• **Work to complete**
Below are the records; reproduce all of them exactly but without any images.

Short web captions
■ ■ ■ ■ ■ ■ ■
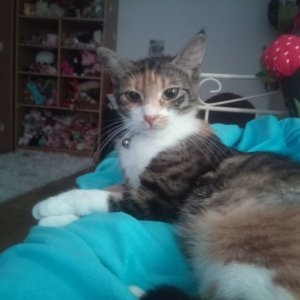 Erdbeere Luckystar Bubblegum von Flauschi (Lucky)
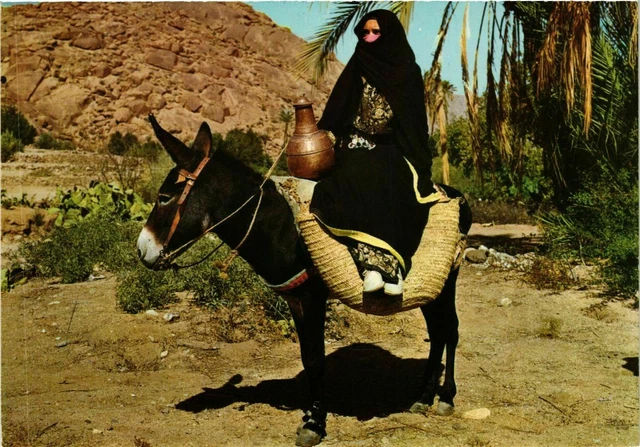 CPM AK Dans le Sud Marocain MAROC (881325)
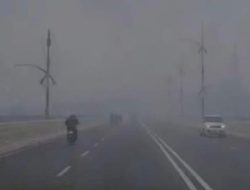 Waspada! Kabut Asap Selimuti Kepri, Kualitas Udara Masuk Kategori Tidak Sehat
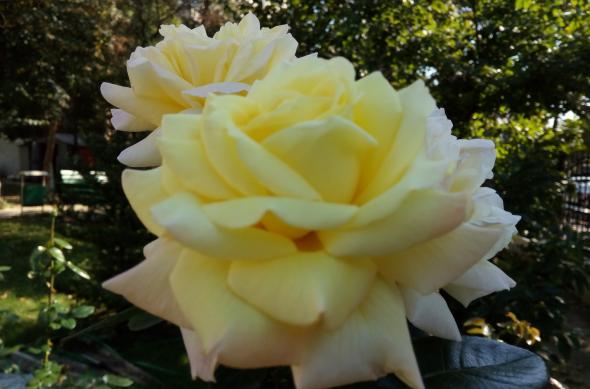 TP-Link Neffos C5 Max - Mostre Foto (ziua): IMG_20161002_151054.jpg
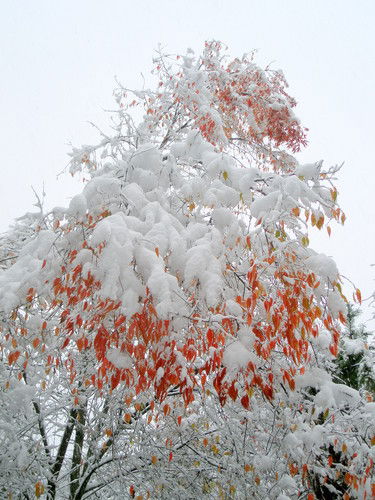 Николай Гусманов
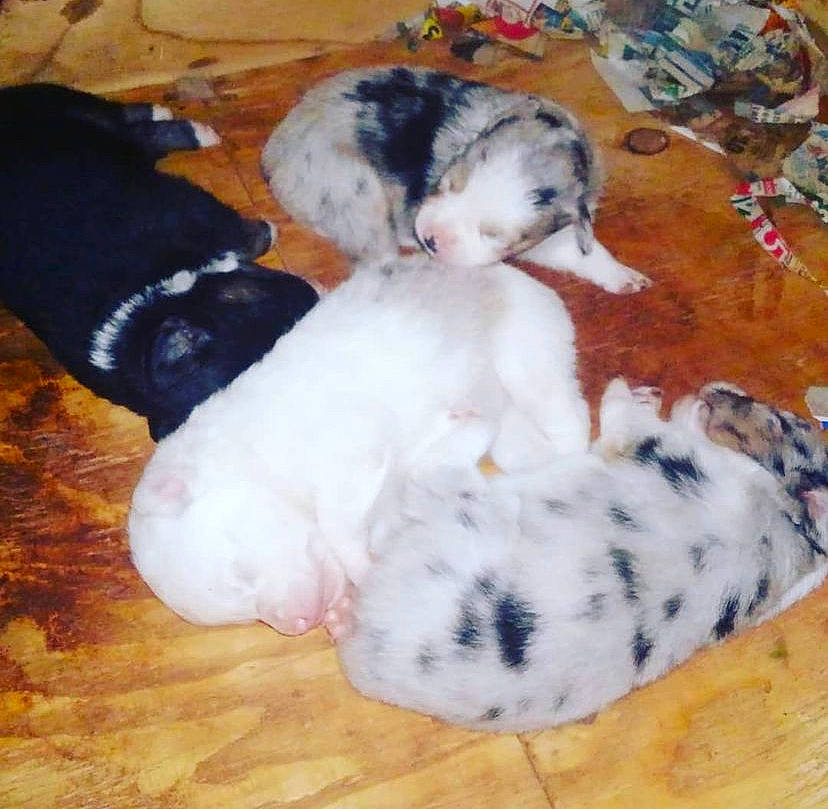 Meeko joined the competition — help win amazing prizes! canidae, carnivore, comfort, companion_dog, dog_breed, fawn, felidae, fur, hardwood, mammal, paw, small_to_medium_sized_cats, snout, snowman, sporting_group, tail, toy, toy_dog, vertebrate, wood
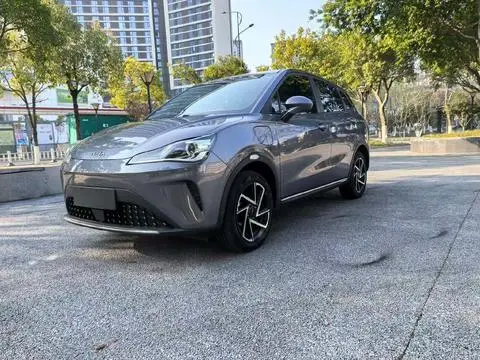 NETA V 2022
■ ■ ■ ■ ■ ■ ■
• **Result of this exercise**
 Erdbeere Luckystar Bubblegum von Flauschi (Lucky)
 CPM AK Dans le Sud Marocain MAROC (881325)
 Waspada! Kabut Asap Selimuti Kepri, Kualitas Udara Masuk Kategori Tidak Sehat
 TP-Link Neffos C5 Max - Mostre Foto (ziua): IMG_20161002_151054.jpg
 Николай Гусманов
 Meeko joined the competition — help win amazing prizes! canidae, carnivore, comfort, companion_dog, dog_breed, fawn, felidae, fur, hardwood, mammal, paw, small_to_medium_sized_cats, snout, snowman, sporting_group, tail, toy, toy_dog, vertebrate, wood
 NETA V 2022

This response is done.